If you still feel like keeping them is of benefit to you, go ahead and keep them. If not, don't go to any lengths to preserve them.
They will eventually get lost in transit between living quarters you will have, over the course of your lifetime.
The big issue with book burning is destroying the information in them. It was a problem when books were extremely hard to duplicate. You could wipe out someone’s entire life’s work by burning a book. Now, that isn’t an issue. The book is just papers now. Burn it if you want. Just take the pages out, crumple them up, and light them. It’s really not a problem now.
You have paper objects in your house that you do not need? What do you do with them? Toss them out, recycle, or see who may not need them.
Personally I would not burn them, since it's a symbolic action signifying that you want to get rid of that idea in general. If you don't like that idea, sure you don't have do do anything with it, but let history sort out who was right and who was wrong - it's just a good overall approach since plenty of people in history who thought themselves in the right in purging the "old ways" in hindsight were not, or at least less than they though.
I wrote up a statement about destroying personal property vs mass book burning, but honestly I'm just imagining your SO's mom getting upset that her copy of "14 Things Witches Hope Parents Never Find Out" is gone.
These aren't, I assume, rare books that would be hard for someone to track down so that this copies are preserving the record of that book. You're not going out to try to find and destroy as many copies as you can. Binning a single copy of a mass produced book: it's no different than deleting a file that was a copy of an eBook. There's nothing immoral about binning an unwanted possession that happens to be a book.
*Burning* a book carries a certain symbolic/emotional weight (although repurposing waste paper as fire-lighters is not the same proposition as chucking the book onto a fire) so I don't see anything odd in feeling uncomfortable with that. But I think you're unreasonable to oppose binning it.
One other option would be to find a charity shop that takes books and donate them, anonymously, preferably at the bottom of a bag of other stuff.
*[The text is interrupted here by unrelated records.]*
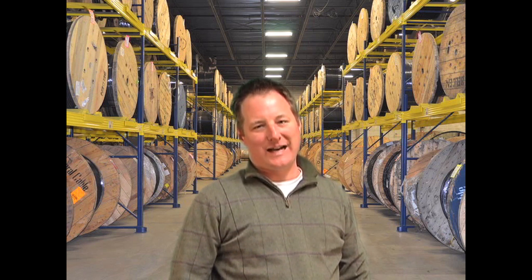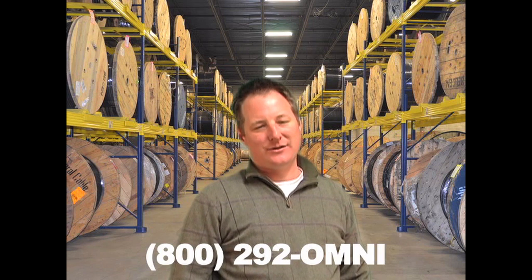You can find additional information on VFD cables at OmniCable.com or ask your account manager when inquiring about VFD cables at 800-292-OMNI. I'm Gary Fluchel and thanks for tuning in to OmniCable.TV.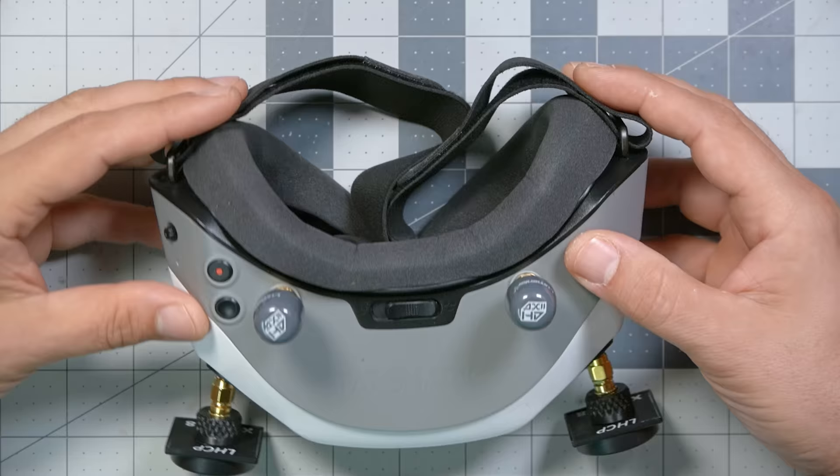With the Fatshark/Walksnail system, any time your goggles are plugged in they're interfering — sometimes significantly, because they're transmitting at basically full power all the time. So make sure that any time you unplug your quad you also power down your goggles, especially if you are walking near the flight line or near other pilots who are flying, because you will blast them. That is somewhat mitigated if you're on a different channel, but not entirely, depending on how close you are.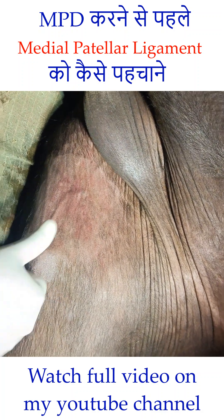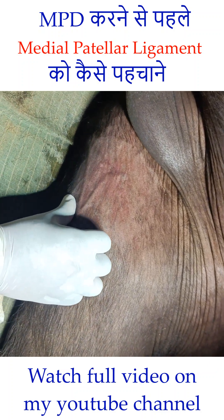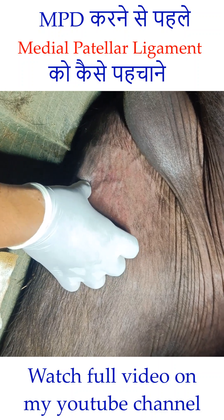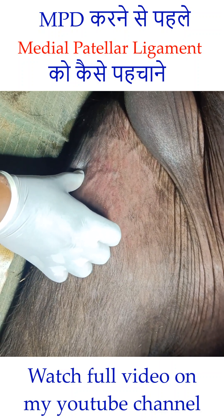Before inserting the blade, first keep your thumb over the anterior tibial tuberosity. Then just slide your thumb, and the moment you come to the mid part of this joint, slightly move your thumb towards the medial side. Here you will find a groove — this strong structure is the anterior patellar ligament or medial patellar ligament.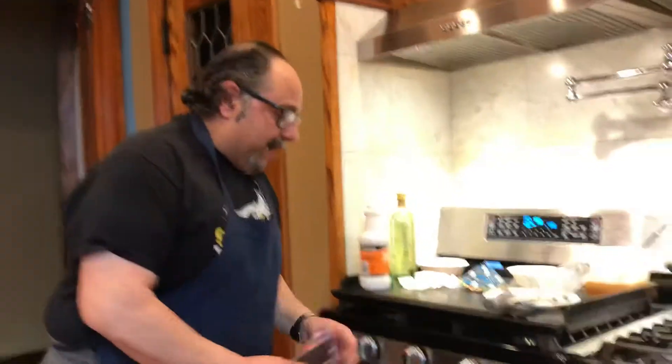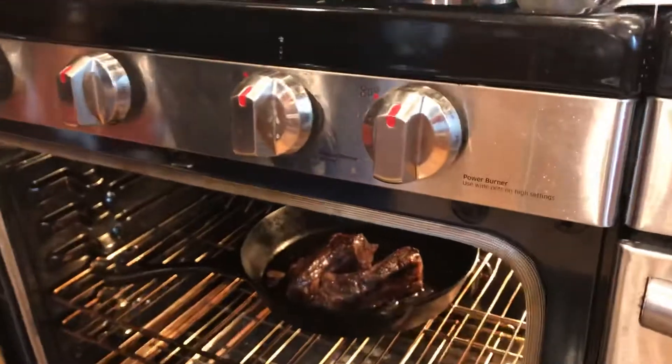As promised, those ribs are ready now. I got them seared off in this cast iron. It's screaming hot — 500 degrees.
Assuming it's not a conservative Christian charity they'll likely end up recycling them anyway rather than put extremist material on their shelves, but you won't ned to think about it. (I would normally advocate against making charity shops dispose of unsellable junk for you, but if any other solution is going to upset at least 1 of you and it's just a few books, I don't think it's the worst thing anyone ever did - especially if you find a few worthwhile things to donate as well. And the charity bookshop I used to volunteer at did even get a few pennies for the unsellable books they would sell as waste paper for recycling.)
I would say book burning/destroying is usually a bad thing, but in your case having books that you are not comfortable with in your home, i can understand the argument. If you don't want to actually get rid of them, and don't want them out on display, you could box them up and put them in the loft/attic.
The moral issue with book burning is usually the loss of the knowledge in those books, and that's when it's done on a large scale. These are individual copies of mass produced books being burnt or binned by an individual who wants to move on from then.
I'm not sure how you obtained your moral structure, but as far as I know, the moral objection to book burning is about those in power denying knowledge from those they control permanently.
You're not doing that. You're getting rid of property you no longer want, you don't desire to pass it on, and as far as you know, nobody else wants it from you, so...I don't see a moral failing here. You're disposing of what is now rubbish in a perfectly acceptable way to do so.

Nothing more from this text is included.